The normal flagless grep (which is the same as passing -G) uses "Basic regular expressions":
-G, --basic-regexp
Interpret PATTERN as a basic regular expression (BRE, see
below). This is the default.
If you specify -E it uses "Extended" regular expressions:
-E, --extended-regexp
Interpret PATTERN as an extended regular expression (ERE,
see below). (-E is specified by POSIX.)
And then you have -P for Perl regular expressions (PCRE):
-P, --perl-regexp
Interpret PATTERN as a Perl regular expression. This is highly
experimental and grep -P may warn of unimplemented features.

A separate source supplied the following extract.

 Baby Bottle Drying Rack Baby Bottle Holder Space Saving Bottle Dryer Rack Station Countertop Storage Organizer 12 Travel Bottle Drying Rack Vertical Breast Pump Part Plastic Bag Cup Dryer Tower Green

Basic vs Extended Regular Expressions
In basic regular expressions the meta-characters ?, +, {, |, (, and ) lose their special meaning; instead use the backslashed versions \?, \+, \{, \|, \(, and \).
Traditional egrep did not support the { meta-character, and some egrep implementations support \{ instead, so portable scripts should avoid { in grep -E patterns and should use [{] to match a literal {.
GNU grep -E attempts to support traditional usage by assuming that { is not special if it would be the start of an invalid interval specification. For example, the command grep -E '{1' searches for the two-character string {1 instead of reporting a syntax error in the regular expression. POSIX.2 allows this behavior as an extension, but portable scripts should avoid it.
So although grep strives to be as close to POSIX as possible there are still some flaws in it.